* _TRY IT_
In the records below, find the line containing "Anh Đoàn VFF". Restate it and all the lines after it exactly, and omit the rest.

Extracted data entries
········

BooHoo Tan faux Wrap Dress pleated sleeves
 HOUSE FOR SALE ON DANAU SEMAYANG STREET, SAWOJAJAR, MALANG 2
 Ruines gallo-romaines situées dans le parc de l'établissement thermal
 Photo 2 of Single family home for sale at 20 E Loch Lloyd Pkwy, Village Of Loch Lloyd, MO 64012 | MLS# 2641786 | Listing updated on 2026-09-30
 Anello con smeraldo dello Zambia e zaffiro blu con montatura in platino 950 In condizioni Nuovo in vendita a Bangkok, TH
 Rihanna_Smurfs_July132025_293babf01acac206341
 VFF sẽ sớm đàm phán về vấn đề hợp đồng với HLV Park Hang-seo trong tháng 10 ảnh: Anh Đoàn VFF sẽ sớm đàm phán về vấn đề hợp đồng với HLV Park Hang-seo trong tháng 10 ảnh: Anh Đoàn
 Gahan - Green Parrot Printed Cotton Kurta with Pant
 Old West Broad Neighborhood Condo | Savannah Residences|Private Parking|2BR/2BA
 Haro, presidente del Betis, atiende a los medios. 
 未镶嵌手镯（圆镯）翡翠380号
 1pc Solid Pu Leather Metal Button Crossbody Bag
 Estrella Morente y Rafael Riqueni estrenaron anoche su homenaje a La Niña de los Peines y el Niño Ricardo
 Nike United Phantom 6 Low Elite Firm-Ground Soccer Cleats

········

* _RESPONSE BELOW_
 VFF sẽ sớm đàm phán về vấn đề hợp đồng với HLV Park Hang-seo trong tháng 10 ảnh: Anh Đoàn VFF sẽ sớm đàm phán về vấn đề hợp đồng với HLV Park Hang-seo trong tháng 10 ảnh: Anh Đoàn
 Gahan - Green Parrot Printed Cotton Kurta with Pant
 Old West Broad Neighborhood Condo | Savannah Residences|Private Parking|2BR/2BA
 Haro, presidente del Betis, atiende a los medios. 
 未镶嵌手镯（圆镯）翡翠380号
 1pc Solid Pu Leather Metal Button Crossbody Bag
 Estrella Morente y Rafael Riqueni estrenaron anoche su homenaje a La Niña de los Peines y el Niño Ricardo
 Nike United Phantom 6 Low Elite Firm-Ground Soccer Cleats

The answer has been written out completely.